▶ _DESCRIPTION OF THE TASK_: Once you find the line with "ファミールヒルズ百合ヶ丘 3枚目 ファミールヒルズ百合ヶ丘" in the data below, transcribe exactly each line from there to the line with "Cách bảo quản thịt trâu gác bếp sau khi mua", inclusive, and nothing else. Drop the pictures.

▶ _DATA TO EXAMINE_:
==============================

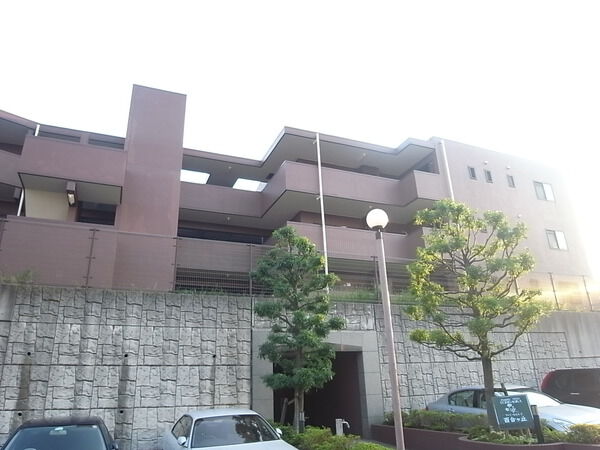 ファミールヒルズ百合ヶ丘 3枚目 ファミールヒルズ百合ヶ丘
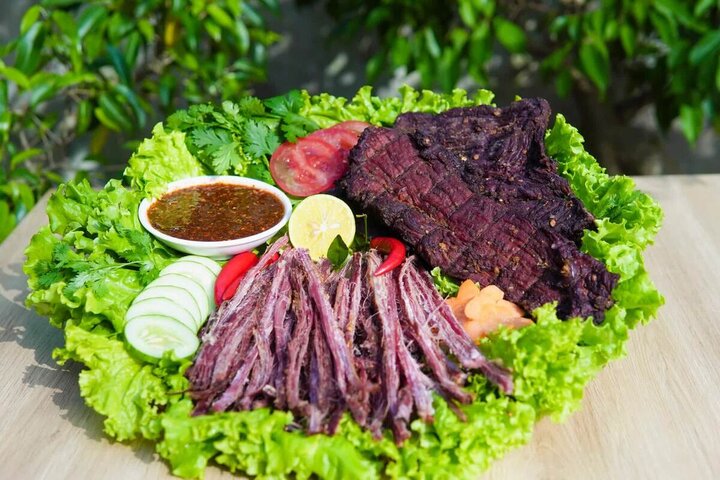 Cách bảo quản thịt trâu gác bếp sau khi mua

==============================

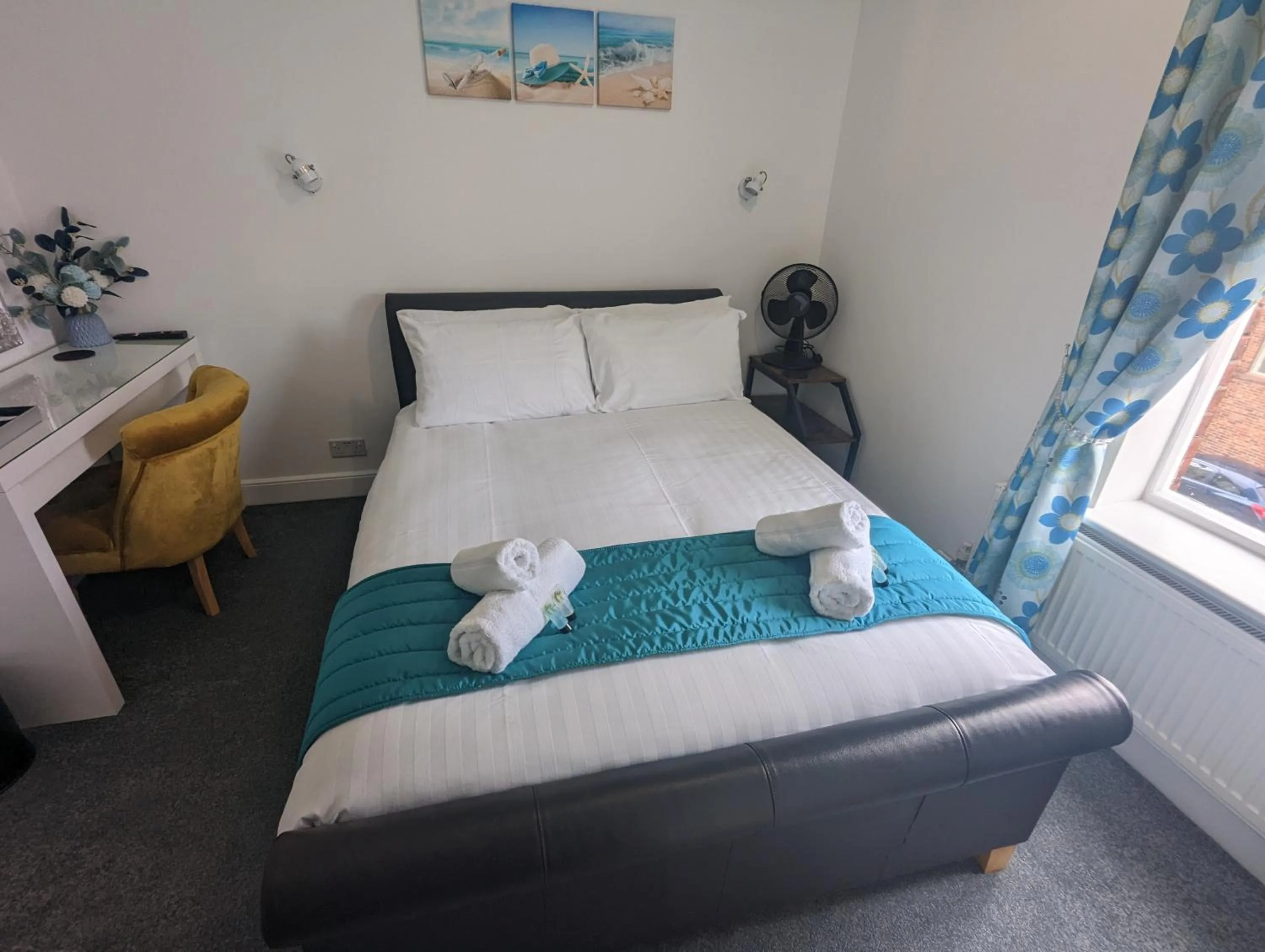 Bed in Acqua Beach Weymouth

==============================

▶ _YOUR RESPONSE_:
 ファミールヒルズ百合ヶ丘 3枚目 ファミールヒルズ百合ヶ丘
 Cách bảo quản thịt trâu gác bếp sau khi mua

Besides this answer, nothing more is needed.